Exercise prompt: Without the images, write out the entries word for word.

Source information:
☆ ☆ ☆ ☆ ☆ ☆ ☆
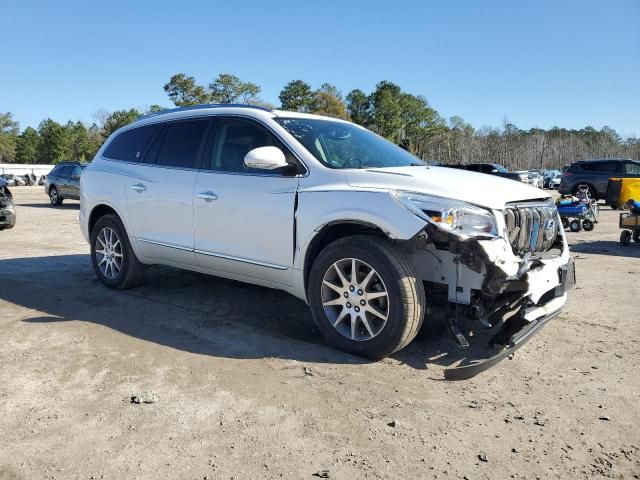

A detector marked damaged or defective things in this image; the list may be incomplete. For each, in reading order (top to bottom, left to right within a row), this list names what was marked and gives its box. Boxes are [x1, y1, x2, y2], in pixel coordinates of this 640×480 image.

damaged front end [0, 180, 16, 232]
crumpled hood [344, 166, 552, 209]
damaged front end [398, 194, 576, 378]
broken plastic trim [442, 308, 564, 382]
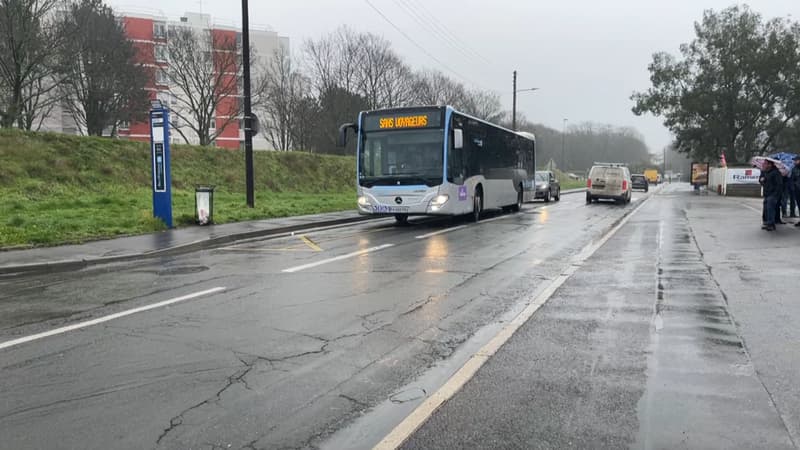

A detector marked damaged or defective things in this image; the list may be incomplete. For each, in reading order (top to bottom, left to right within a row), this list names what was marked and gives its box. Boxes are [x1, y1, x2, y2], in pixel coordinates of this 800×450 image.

cracked asphalt [3, 185, 792, 448]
☆ ☆ ☆ ☆ ☆ ☆ ☆
Task output:
A detector marked damaged or defective things in this image; the list may be incomplete. For each, in reading order (top to bottom, left to right within a row), this list names what was marked and gives its box. Boxes are [x1, y1, x2, y2], in pixel coordinates of this 640×480 image.

damaged front end [0, 180, 16, 232]
crumpled hood [344, 166, 552, 209]
damaged front end [398, 194, 576, 378]
broken plastic trim [442, 308, 564, 382]

A detector marked damaged or defective things in this image; the list may be incomplete. For each, in reading order (top to bottom, left to right within a row), this list names what was marked and gives its box. Boxes are [x1, y1, x2, y2], in pixel coordinates of this 800×450 image.

cracked asphalt [3, 185, 792, 448]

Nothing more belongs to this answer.